Even this is not sufficient if we want our message to get across to all peoples in the world.  Today, we need the media to help us in the work of prophecy.  The stark reality is that in a globalized and digital society, the only way to reach out to the masses is to leverage the tools of mass communication.  Print alone is no longer effective.  The media is a double-edged sword.  They can be our friends or our enemies.  The power of the media is really great.  It can swing the opinions of the masses by the way it reports the news and the way it presents the facts.  Public opinion is easily swayed by the media and those who use social communication tools.  Quite often, one is elected or heard only because of the support and the sympathy of the media.  Thus, the media is a very powerful instrument in the work of prophecy today.  If harnessed well, they can help us to spread the Good News and proclaim the truth to the world.

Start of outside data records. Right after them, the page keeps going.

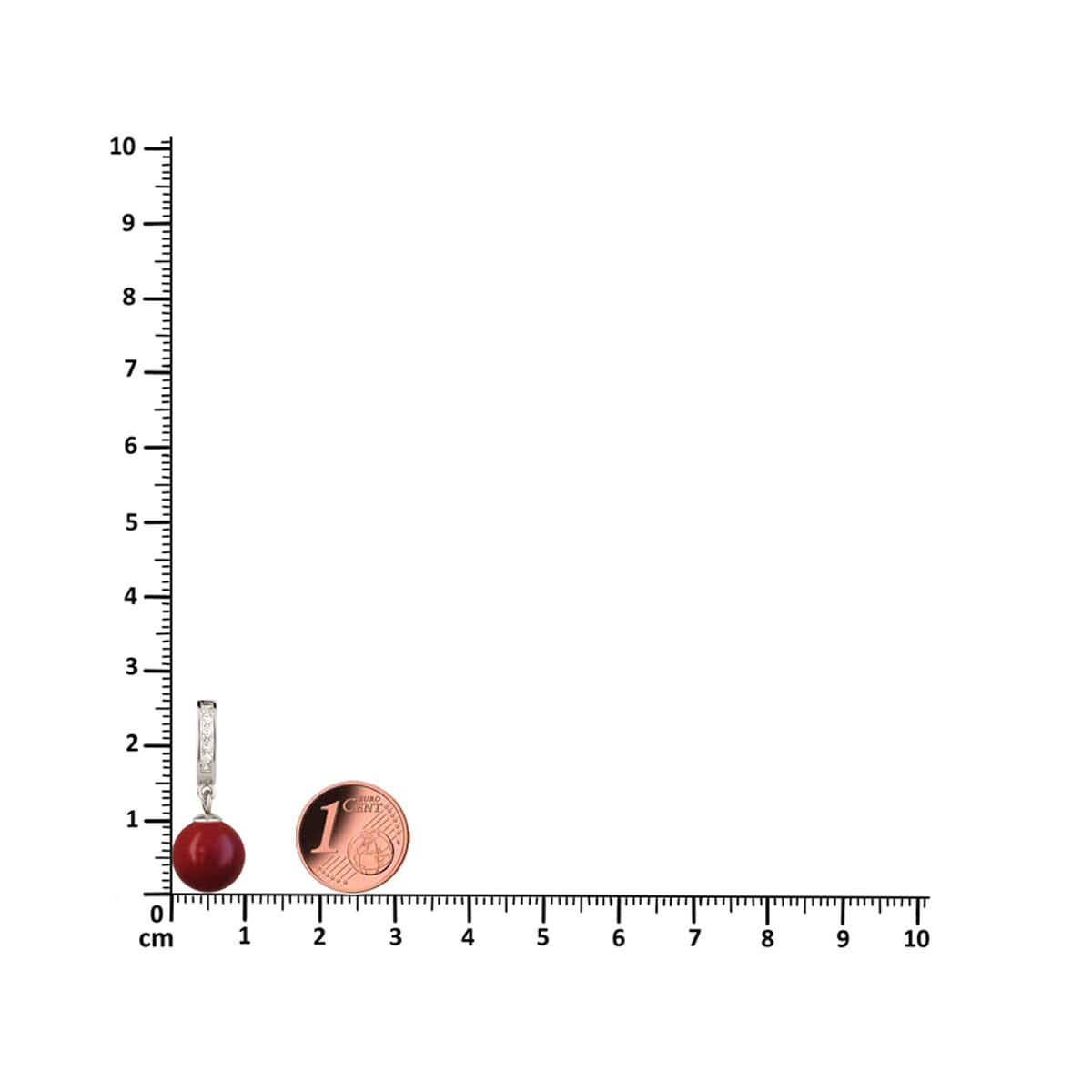 Ohrringe Ohrringe Creolen mit Perlen 925 Silber Schöner-SD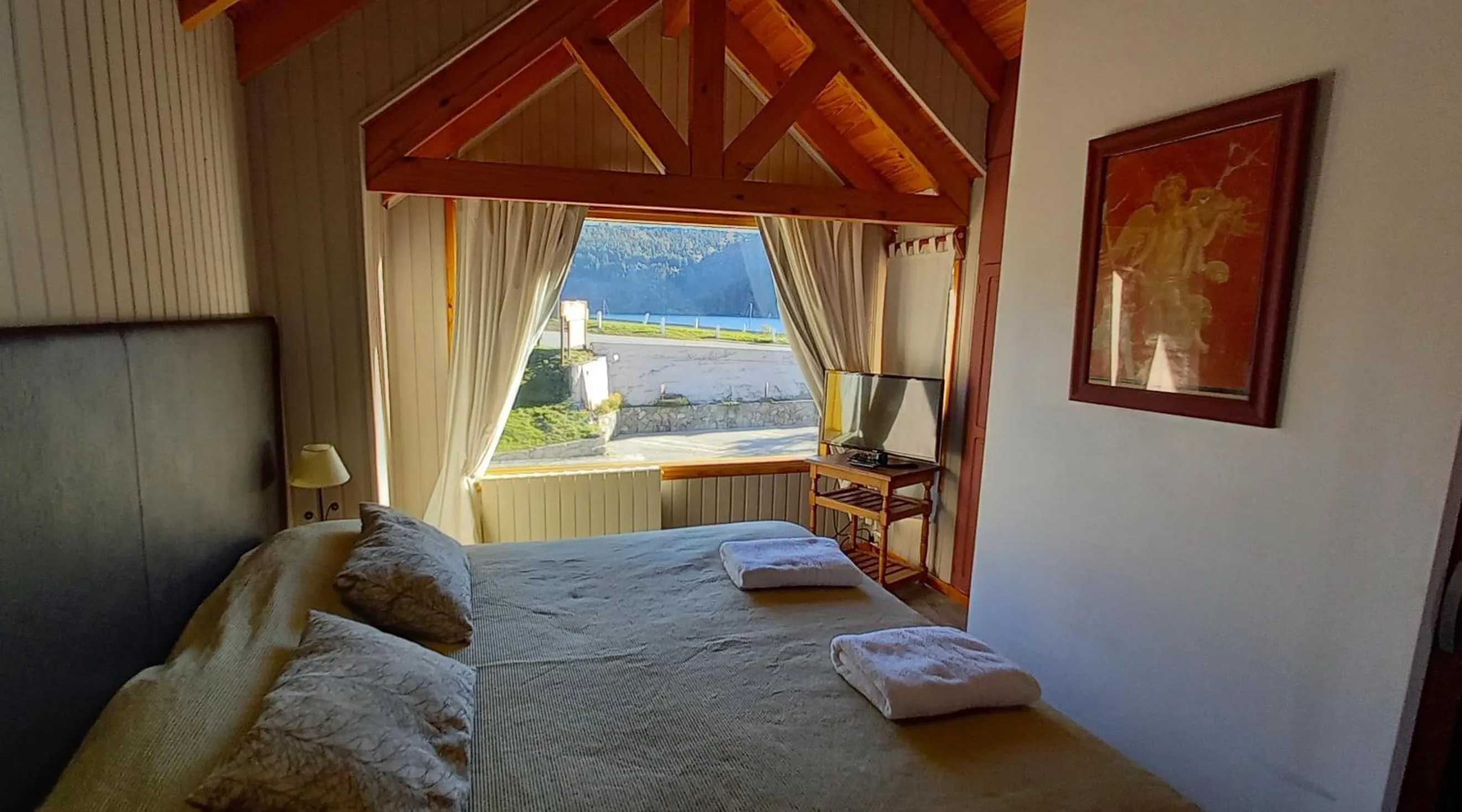 Bed in Cabañas Del Lacar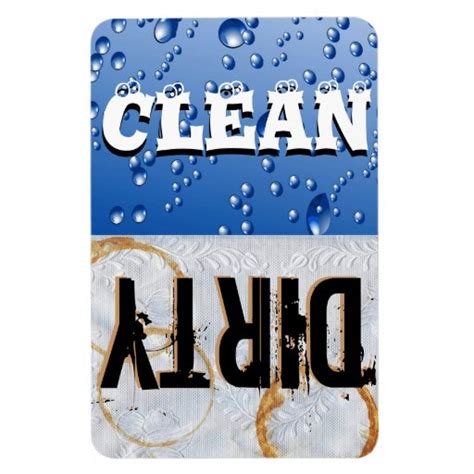 Clean And Dirty Dishwasher Large Vinyl Magnet Zazzle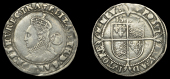 Elizabeth I (1558-1603), Fourth issue, Sixpence, 1573, mm. acorn (over ermine on rev.), bust 5A, reads elizabeth d g...
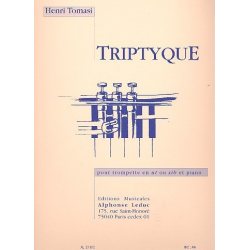 Triptyque : für Trompete (C/B) - Henri Tomasi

But there are also many Herodias around who would manipulate anyone to serve their cause.  Herodiaswould even go to the extreme of allowing her daughter to dance before Herod, which in those days was considered inappropriate for a royal member of the family.  But she was so vindictive that she would not spare any effort to destroy her critics.  This is true of the world today.  Our opponents of the truth and justice can and will do anything to discredit the prophets of the Church, often using the media and manipulating it for their own agenda and interests.  If not dealt with properly, they could destroy all that we have built.  Thus a prophet today must be on guard against the devious plans and attacks of our enemies all the time.

This is all the more urgent because of relativism.  Our hearts inform us of what is right and what is wrong.  Herod liked to listen to John the Baptist and yet was afraid of him.  Like Herod, we are often in a dilemma.  There is in each one of us, good and evil.  We are not much different from Herod.  We do not like to hear the truth in case we need to change; yet we feel drawn to hear the truth that is proclaimed.  As Church, therefore, we need to speak together as one led by our leader, be he our Holy Father or the bishop of the diocese, so that when we speak, we can be heard clearly by the world, as opposed to when we speak singly or as an individual.

Let us today be inspired by John the Baptist’s courage and fidelity to the truth.  He preferred to be true to his calling and the voice of God than to listen to the world.  He lived and died for the truth.  We too are called to be the conscience of the world.  We must not hide the truth and choose popularity, acceptance and personal gain over truth and justice.  Let us not waiver like Herod and give in to impulse, driven by fear, emotions and self-indulgence.  John could do this only because of his relationship with the Lord.  He derived his strength and fortitude from prayer and communion with God in the desert and in solitude.  If we feel discouraged today, and all alone like Jeremiah, John the Baptist and our Lord, let us go to the garden of Gethsemane and cry out for help.  Like the psalmist, we pray, “It is you, O Lord, who are my hope, my trust, O Lord, since my youth. On you I have leaned from my birth, from my mother’s womb you have been my help. My lips will tell of your justice and day by day of your help.  O God, you have taught me from my youth and I proclaim your wonders still.”